### Records to process

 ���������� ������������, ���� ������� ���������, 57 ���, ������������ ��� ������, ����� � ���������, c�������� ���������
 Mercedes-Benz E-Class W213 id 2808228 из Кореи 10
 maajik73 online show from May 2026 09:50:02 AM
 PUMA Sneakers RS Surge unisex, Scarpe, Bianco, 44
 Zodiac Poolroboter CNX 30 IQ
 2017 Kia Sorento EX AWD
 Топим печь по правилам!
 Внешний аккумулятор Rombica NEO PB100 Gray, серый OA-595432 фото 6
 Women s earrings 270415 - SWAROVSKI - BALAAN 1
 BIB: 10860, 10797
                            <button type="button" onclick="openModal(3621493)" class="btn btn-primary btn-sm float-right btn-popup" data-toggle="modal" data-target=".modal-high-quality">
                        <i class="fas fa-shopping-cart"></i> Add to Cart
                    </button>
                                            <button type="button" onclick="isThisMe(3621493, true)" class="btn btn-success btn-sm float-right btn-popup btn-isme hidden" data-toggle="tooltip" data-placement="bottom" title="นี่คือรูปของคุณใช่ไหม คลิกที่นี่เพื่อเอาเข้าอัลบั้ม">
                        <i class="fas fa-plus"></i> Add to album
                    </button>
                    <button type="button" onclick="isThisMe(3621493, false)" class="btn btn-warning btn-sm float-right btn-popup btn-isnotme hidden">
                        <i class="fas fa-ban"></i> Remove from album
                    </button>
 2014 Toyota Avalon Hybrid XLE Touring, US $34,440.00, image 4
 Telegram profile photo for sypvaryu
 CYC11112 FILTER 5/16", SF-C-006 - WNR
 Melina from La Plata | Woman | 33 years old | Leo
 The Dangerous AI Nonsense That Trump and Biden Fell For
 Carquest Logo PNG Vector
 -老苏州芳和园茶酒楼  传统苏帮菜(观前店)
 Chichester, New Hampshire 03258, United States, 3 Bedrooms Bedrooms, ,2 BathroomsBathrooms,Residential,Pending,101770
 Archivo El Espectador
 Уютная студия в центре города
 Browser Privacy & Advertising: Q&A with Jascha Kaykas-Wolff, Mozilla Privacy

### What is being asked
Write out a verbatim copy of the data, beginning with its first line and ending with the line that contains "btn-primary btn-sm float-right".

### Answer below
 ���������� ������������, ���� ������� ���������, 57 ���, ������������ ��� ������, ����� � ���������, c�������� ���������
 Mercedes-Benz E-Class W213 id 2808228 из Кореи 10
 maajik73 online show from May 2026 09:50:02 AM
 PUMA Sneakers RS Surge unisex, Scarpe, Bianco, 44
 Zodiac Poolroboter CNX 30 IQ
 2017 Kia Sorento EX AWD
 Топим печь по правилам!
 Внешний аккумулятор Rombica NEO PB100 Gray, серый OA-595432 фото 6
 Women s earrings 270415 - SWAROVSKI - BALAAN 1
 BIB: 10860, 10797
                            <button type="button" onclick="openModal(3621493)" class="btn btn-primary btn-sm float-right btn-popup" data-toggle="modal" data-target=".modal-high-quality">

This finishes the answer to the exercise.